**DATA PROVIDED**
——

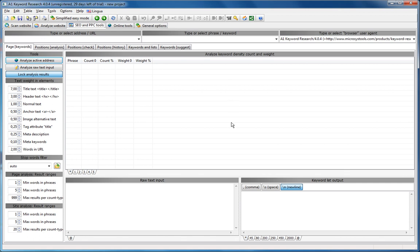Hi and welcome to AA1 Keyword Research Tutorial. This tutorial will cover page analysis, keyword density and keyword prominence, and you can also do this analysis site-wide.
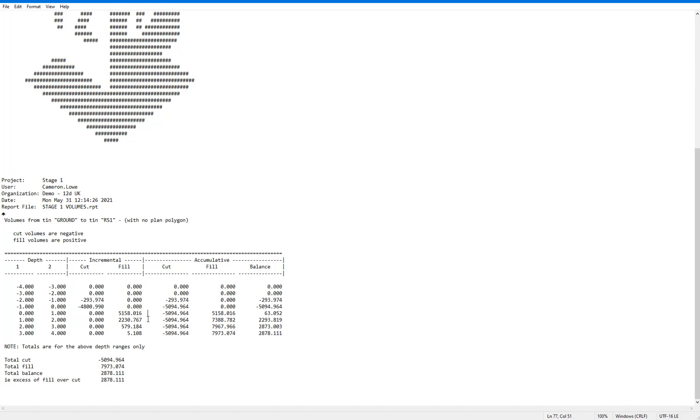But ultimately what we really want to know is the total cut and total fill, which is reported to us at the bottom of the report along with the balance, which is the excess cut or fill. In this case we have a fairly significant fill excess.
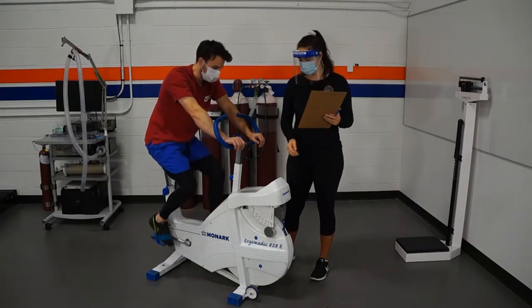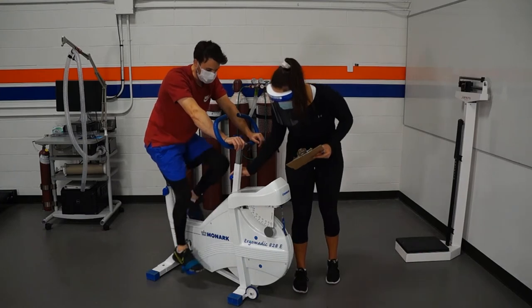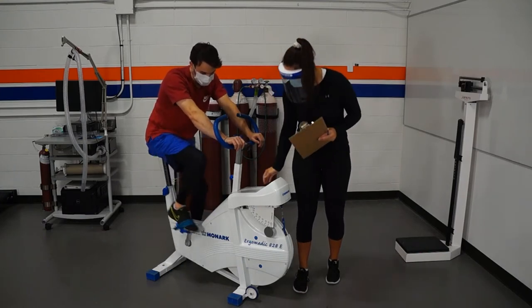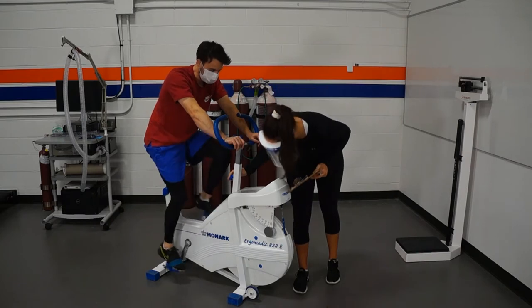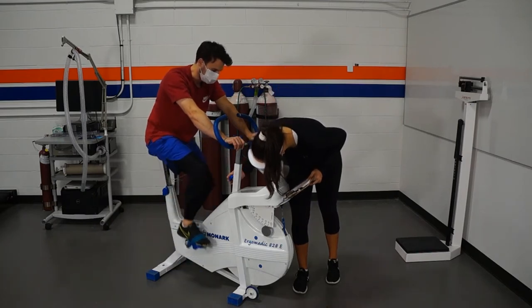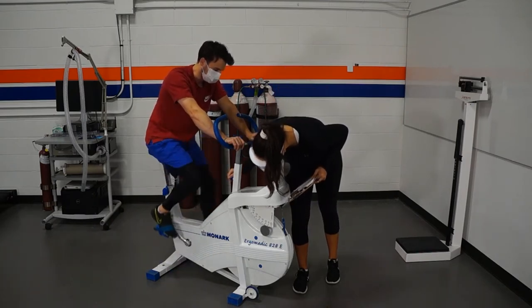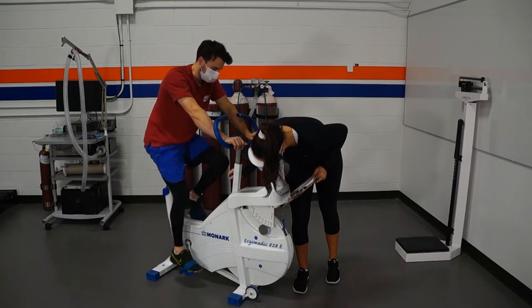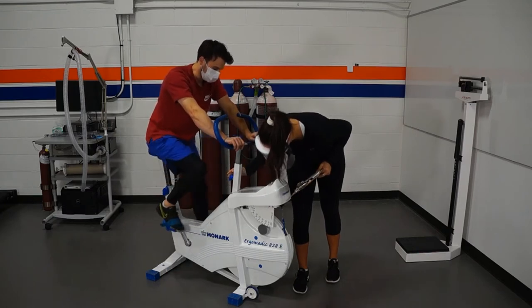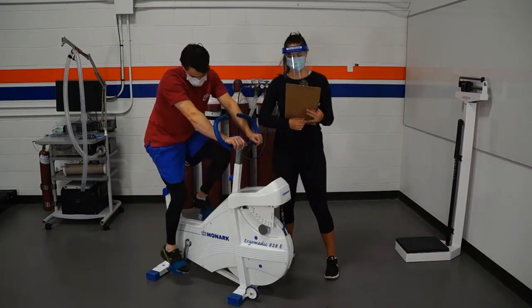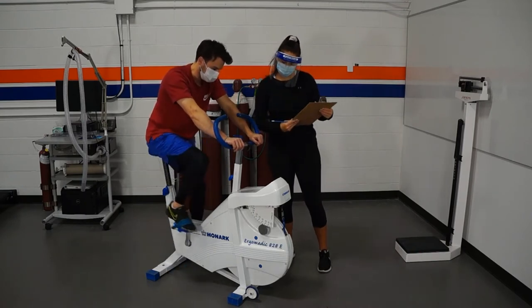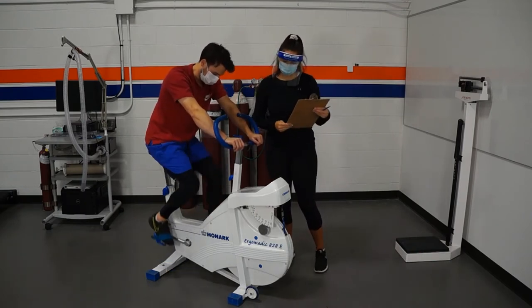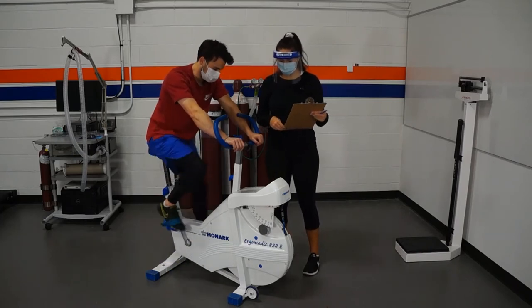We'll then increase the workload to the appropriate 2 kp, which corresponds to what we just marked out on the chart. Again, ensuring the participant maintains the cadence of 50 rpm, you can proceed through this workload, again taking heart rate every one minute and taking RPE at the end of the test.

——

**AIM OF THE TASK**
Print the listing above in full, exactly as written. Omit any pictures.

**COMPLETED EXERCISE**
Hi and welcome to AA1 Keyword Research Tutorial. This tutorial will cover page analysis, keyword density and keyword prominence, and you can also do this analysis site-wide.
But ultimately what we really want to know is the total cut and total fill, which is reported to us at the bottom of the report along with the balance, which is the excess cut or fill. In this case we have a fairly significant fill excess.
We'll then increase the workload to the appropriate 2 kp, which corresponds to what we just marked out on the chart. Again, ensuring the participant maintains the cadence of 50 rpm, you can proceed through this workload, again taking heart rate every one minute and taking RPE at the end of the test.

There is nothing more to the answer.